# Cosmic Fog - Juice reviews



## CloudmanJHB (13/11/15)

*COSMIC FOG - COLA GUMMY







Reviewer: *CloudmanJHB

*Mod:* Anarchy Mod \ Koopor mini
*Watts/Volts: *24

*Atomiser:* Kangertech Subtank RDA
*Coil Resistance:* .5
*Wicking Material:* OEM Cotton

*Strength:* 0mg
*Price: *R140 (30mg)
*Website: Purchased from www.thevapery.co.za chaps at an event.*

*Website blurb:*
Remember the cola bottle gummy candies you loved as a child?
They are fond memories no longer! Cosmic Fog is bringing them back in style with this delicious, fizzy, candy cola flavor that you have to experience to understand.
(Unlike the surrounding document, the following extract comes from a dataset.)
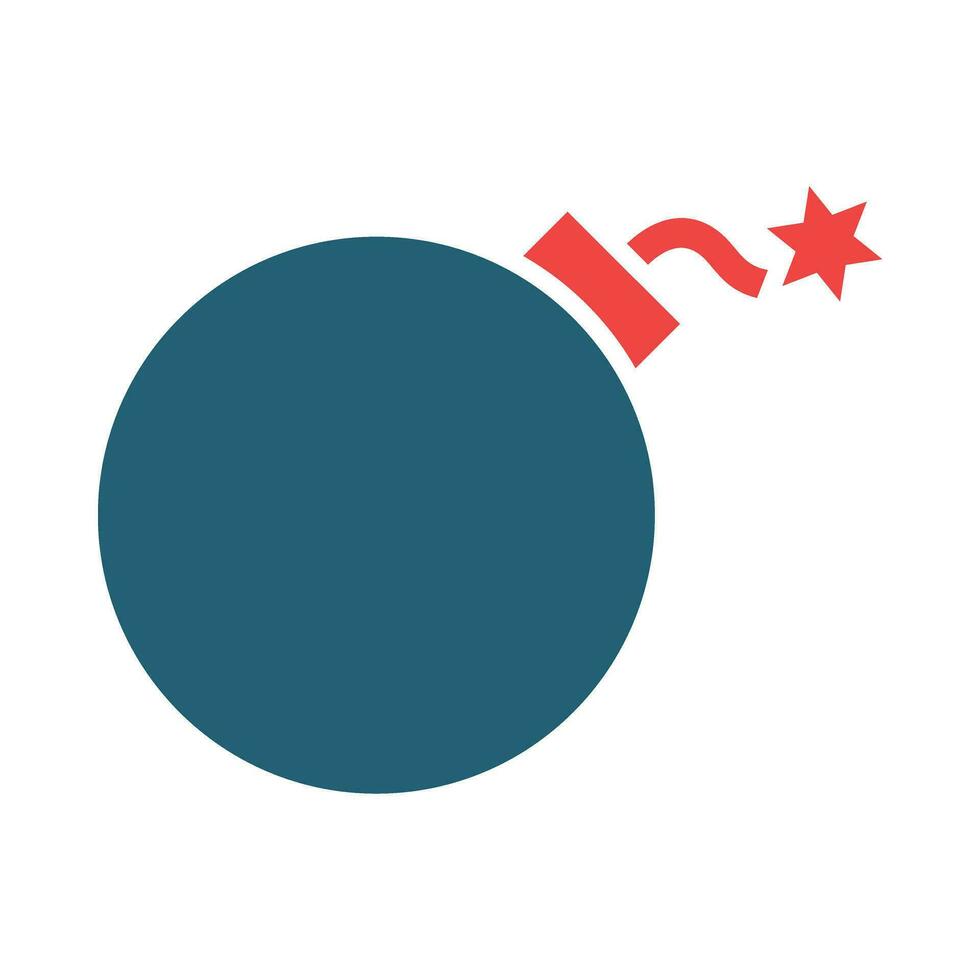 Bomb Vector Glyph Two Color Icon For Personal And Commercial Use.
*Reviewer Notes: *Refreshing, definitely not something I see and an ADV but a nice flavourful and clean vape which definitely defines the gummy flavour , sweet and tangy at its best. Childhood memory nostalgia 

*Similar to:* Nothing I have had yet!

*Avoid if:* You don't sweet and tangy sauces.


*ADV :* Not for an all day 
*
Nom Scale:*
nom

Reactions: Like 3


----------



## Silver (13/11/15)

Thanks for sharing your review @CloudmanJHB 

I like tangy 
Would you say this is more sweetish or more tangy?


----------



## CloudmanJHB (13/11/15)

Hey there,
Thanks ! 

It's a fine line, I would say 60% Tangy 40% sweet

Reactions: Like 1


----------



## PsychoFluffy (19/12/16)

*Reviewer: *PsychoFluffy

*Mod:* Fuchai 213
*Watts/Volts: *40

*Atomiser:* Serpent Mini 25
*Coil Resistance:* .5
*Wicking Material:* Cotton Bacon

*Strength:* 3mg
*Price: *R280 (30mg)
*Website: Purchased from The Vapery
Website blurb:*
They Say... The new Sherbet flavor in The Lost Fog Collection will turn any night into an epic party. Orange, raspberry and lemon-lime all mixed perfectly in a sweet yet subtle cream and chilled to perfection. So whether you need to cool down after a long night out, or just enjoy a black from the past...


*Reviewer Notes: *Imagine sour jelly tots and that's the best approximation to the taste you'll get. Right amount of sour for my taste buds, with the sweet being really well balanced. Bought it on a whim and can't say I'm disappointed 

*Similar to:* Nothing yet.

*Avoid if:* You don't dig the sour stuff.

*ADV :* Not an all day vape.
*
Nom Scale:*
nomnom

*Buy Again?:*
2/5
With my current bank account probably not, but in an ideal world, sure

Reactions: Like 1


----------



## Vape_N8th (26/12/16)

Juice Review #1


Chill’d Tobacco by Cosmic Fog :

This Juice blew my mind beyond any and all comprehension , I have always had a special place for cosmic fogs’s juices ( specifically Sonrise !! , review to follow soon ) , the juice itself had a very dark yellow colour which clearly indicates a proper steeping process my guess would round about to 1-2 months , but now my take on the flavour profile :

Vaping on this reminded me of some mild turkish tobacco my aunt brought me from their trip to Turkey , paired with a delicious Peppermint candy cane laced with hints of beautiful Dark chocolate , it has a very satisfying full bodied taste , with a not too overpowering tobacco taste that leaves you wanting for more , the peppermint is not too overpowering and leaves a cool taste on the inhale , the exhale is what especially excites me with the mix of mild tobacco and dark chocolate ,

this juice might not appeal to every caper but will tickle the taste buds of any tobacco lover from new to intermediate , I will definitely be gaping more of this in future ,


8.3/10


Please leave a comment with any and all criticism , suggestions and opinions  hope you guys enjoyed it , there will be more to follow!


----------



## Silver (26/12/16)

Thanks for sharing your review @JanVanRiebeeckVaped - sounds like a lovely juice

I have moved your post above to this existing Cosmic Fog - Juice Reviews thread.

We try to keep all the reviews in the relevant thread in this subforum - so it makes it easier for members to find reviews for a particular juice.


----------